What I find incredibly exciting about this is the interfaces people who grew up with touchscreen devices design could be very different than the ones we design. The user interfaces designed thus far for touch devices are still in large part based on concepts from the PC. That will not be true for the next generation.
– Kyle Baxter, the touchscreens are coming
I’ve been watching my two yearold daughter interact with my MacBook, my Android device, and my iPad and have noticed how quickly she has mastered the iPad compared to my phone and computer. To me, using a mouse and keyboard is still feels right, while using my iPad sans keyboard feels strange to me. Having bought a keyboard for it, it makes it slightly more useful for me. My daughter seems to presume that everything is touch-based. She wants to touch the MacBook screen to maneuver objects, tries to swipe on a digital camera screen, and thinks every phone is controlled through touch.

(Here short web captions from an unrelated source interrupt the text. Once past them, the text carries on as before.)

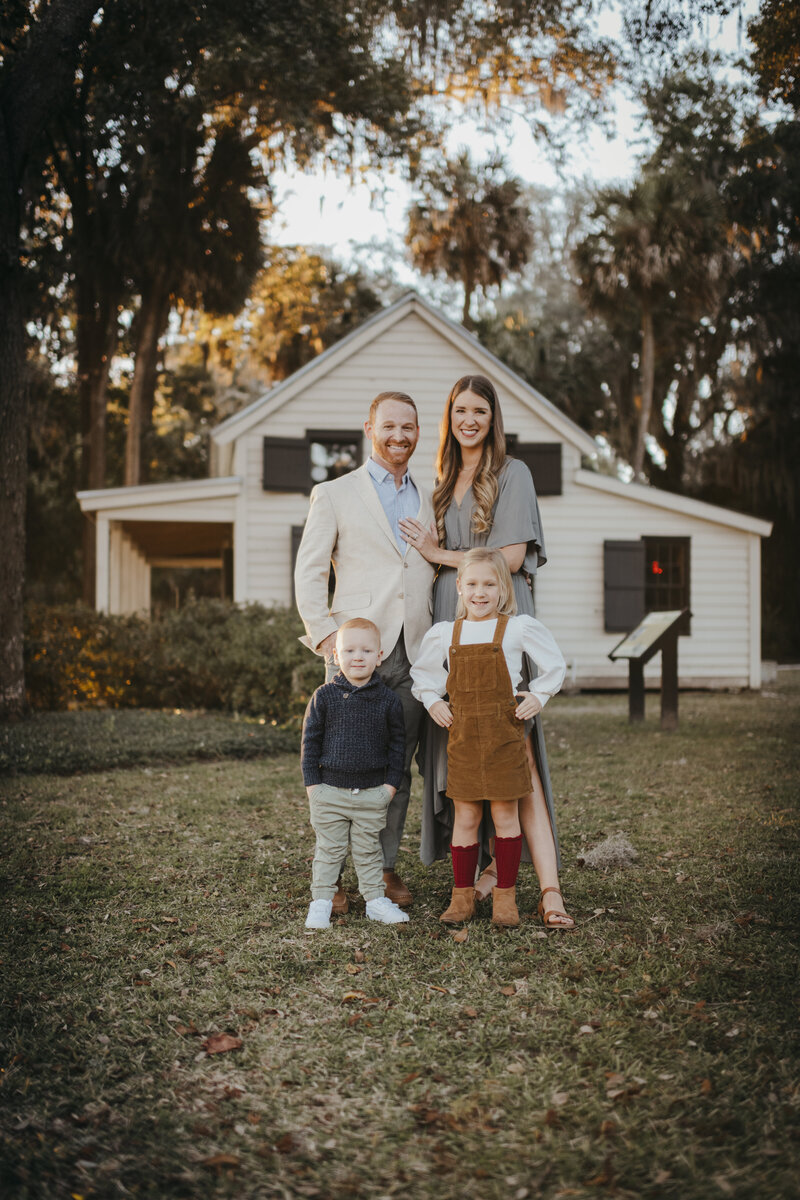 family with two adults and  two young kids for old town bluffton family session
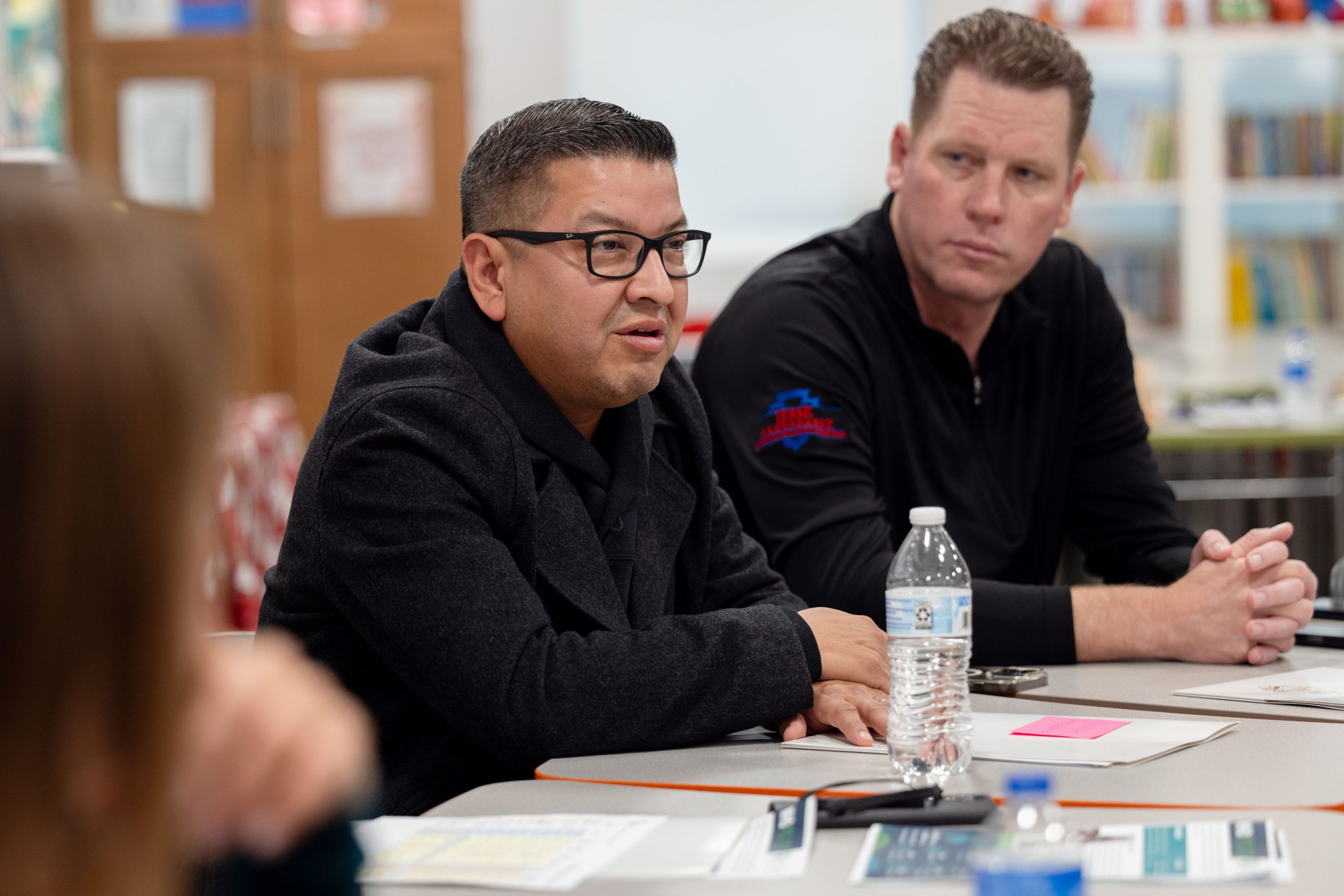 A group of individuals engaged in a discussion at a table with papers and a water bottle, in a room with bookshelves in the background.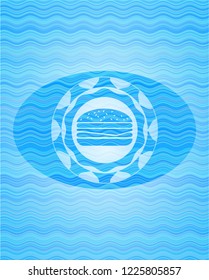 cheeseburger icon inside light blue water style emblem.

As most parents do, I think about the future she’s going to be living. Most of my thoughts have been how different her social interactions are going to be (i.e. living in a world with unlimited text messaging through iPhones or Facebook Messenger, little to no email, fewer phonecalls), but I never thought much about how she would be interacting with technology.
After reading Chuck Skoda’s post that Kyle links to, I find myself wondering to what extent are touchscreens going to grow in this world. And as touch has become more entrenched in our society the past five years, will voice enabled devices (Siri, Google’s Project Glass) become as prevelant?
It’s going to be an exciting future.